Newsletter du Lundi
18/02/19

Paru le

  1. Édito

Charlie Web

Ça a commencé comme ça : des enfants au regard vieux ont massacré des vieux au regard d'enfant. Aujourd'hui, les journalistes de Charlie en plein deuil  se préparent à nous faire rire avec leurs larmes. Pour respirer, la France et ses communautés arthritiques a besoin d'un journal satirique. Des papiers français ont expliqué aux étrangers ce qu'est Charlie : pas, comme l'a cru The Daily Beast, l'équivalent de ce qu'on trouve sur des blogs poubelle, mais l'expression ancestrale de l'esprit critique français, celui de Voltaire, consacré par la loi de 1905.

Un esprit que nous n'avons pas su transmettre à certains de nos concitoyens.
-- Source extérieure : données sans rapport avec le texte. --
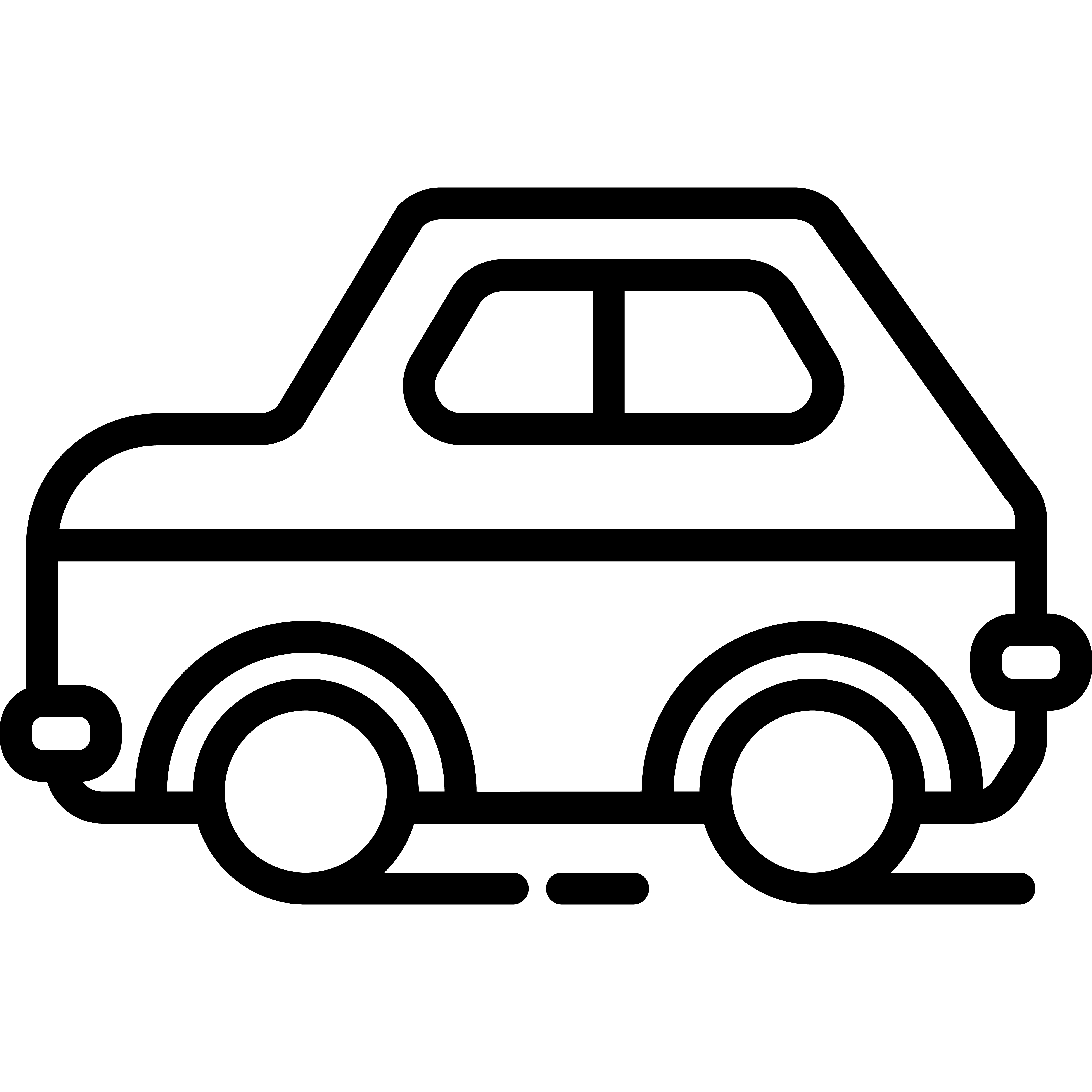 Car icon Royalty Free Vector Image - VectorStock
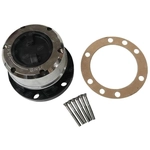 Order SKP - SK404015 - Moyeu de verrouillage For Your Vehicle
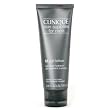 3.4 oz Skin Supplies For Men: M Gel-Lotion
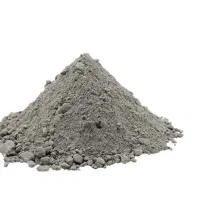 پخش سیمان بصورت عمده
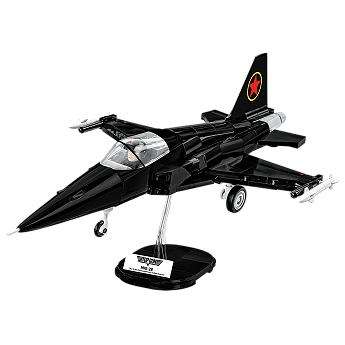 COBI 5846 P-51D Mustang™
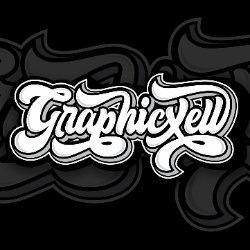 Graphicxell Avatar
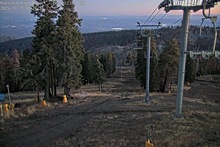 2025-10-19_13-31-26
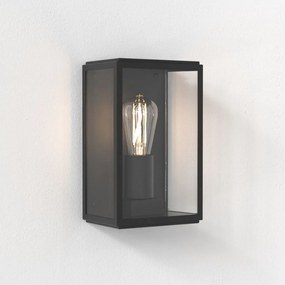 Astro Lighting Homefield 1095041 Fali lámpa 1x12W/E27 IP44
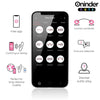 Love bunny vibrador Punto G y clítoris app mundial gratuita 2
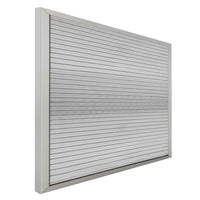 Stainless Steel Pre-Filter
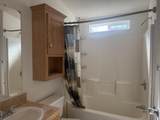 13905 Trinity Mountain Road - Photo 12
Ce drame en deux épisodes, c'est comme si on arrachait la moitié des pages d'un livre sacré, que plus personne ne lit vraiment. Nous avons tous entamé un beau chant du cygne en hommage à la presse, que l'on n'achète plus, et qui est placée sous respirateur artificiel des aides gouvernementales, de Google et des marques. Nous, journalistes, avons besoin de Charlie, de liberté, de moyens, de lecteurs, pour continuer à alimenter la réflexion et le débat et le rendre pluraliste, loin du politiquement correct.

Depuis hier, la France sait enfin comme le disent les Anglais "pour quoi elle se tient debout", what we stand for. La liberté. Une valeur plus que jamais menacée : en France, depuis des années, des copains de Charb se battent pour la liberté  des réseaux... dans l'indifférence générale. La défense des libertés du Net est le prochain combat. Problème : il se mène en parallèle avec l'éradication de l'extrémisme sur les réseaux sociaux. Il lui faut donc à la fois son Charlie numérique. Et un censeur démocratique.